(May 9 -- By Bill Whalen, Special to The Bee)
A year ago, Nathan Fletcher caused an uproar in the world of San Diego politics. Faced with a dwindling chance of surviving the city's mayoral primary, the Republican assemblyman walked away from the GOP, declaring himself a born-again independent.
This past weekend, Fletcher - no longer an officeholder thanks to term limits and a third-place finish in that primary - set off another seismic disturbance after telling the world, via a rambling 1,700-word missive on his Facebook page, that he's now a Democrat.
The immediate fallout? Lots of Democratic crowing and Republican snarking, plus egg on at least one dullard's face - that would be me, who once wrote on these pages that Fletcher had GOP rising star written all over him.
Personally, it makes no matter to me what party Fletcher joins. It's a free country - one Nathan Fletcher has fought for, in combat, to his considerable credit - and he's free to switch teams.
Not so forgivable is the cynicism this move invites.
While Fletcher went into great detail as to why he's now in the Democratic fold (among the reasons: Bill Clinton's knockout speech at the party's 2012 national convention), the fact is it's his second political conversion in 13 months. Fletcher earned a combat "v" for valor in Iraq. In California, he gets another "v" - this one, for vacillation. He may yet earn a third "v" - "very disappointed" - when he discovers that few Democrats in the Golden State care for Clintonesque triangulation.

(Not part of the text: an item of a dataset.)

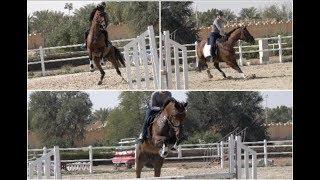 Gabbana Jumping (F.t. A Naughty Moment!)
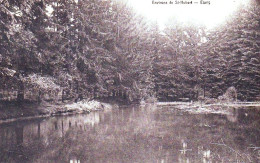 Delcampe - Environs De SAINT HUBERT - Etang - Saint-Hubert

So, is the California Republican Party a loser here? You might think so, judging by Fletcher's words: "In my opinion, the GOP today is more focused on protecting those who have achieved the American Dream than allowing others access to it."
About that exclusive party: California Republicans ran the more diverse of the parties' slates in 2010 - fewer old white guys, a pro-choice woman at the top of the ticket. Had he stayed the course, Fletcher right now could be working with new leadership that's actively engaged in rebuilding the party's brand. Too bad he ducked and ran.
Ironically, that's not the path chosen by Carl DeMaio, the San Diego Republican who finished well ahead of Fletcher in the mayoral primary. DeMaio has just cause for crossing the aisle: He's openly gay and not in sync with conservative Republicans over same-sex marriage. Instead, he's stayed with the GOP - most likely, a congressional candidate in 2014.
Sadly, Nathan Fletcher 2.0 - the one with disdain for both parties - won't be a candidate. And there won't be tell-it-like-is statements like this one, when he bids adieu to status quo politics: "I'm leaving an environment that thrives on playing the game. I'm leaving behind a system that is completely dysfunctional. I'm embracing an independence to focus solely on solutions on working with people if their ideas are good and focus solely on advancing the interest of our city, not a political party."
Thirteen months later, the best Fletcher can offer about that independent persona: "(It) didn't fit. It felt empty." What a sad statement for those who yearn for a third and better way of politics in the Golden State.
Empty is an apt word. A decade ago, Arnold Schwarzenegger exploded onto the political scene. In the easiest of scenarios for securing higher office - a 60-day recall campaign largely devoid of partisan litmus tests - a deep-pocketed and already-recognizable Arnold could have run as an independent. And he could have parroted what Fletcher said in terminating his relationship with partisan politics in 2012. But Arnold didn't go that independent route - and California's the worse for it.
The hope here is Nathan Fletcher proves us cynics wrong. And there's an easy way to do so: Don't run for office.
At present, there's soft talk of a recall campaign in San Diego against the embattled mayor, Bob Filner (assuming it could survive a legal challenge). Should multiple Republicans enter the race, a lone Democrat stands a good chance of replacing Filner - i.e., the newly minted Nathan Fletcher.
What could Fletcher do with his time if he stays away from the flame? As UC San Diego's first "professor of practice," he could remain in the classroom and educate future generations as to the perils of our political system.
Talk about a grand concept: California with one fewer self-aggrandizing politician.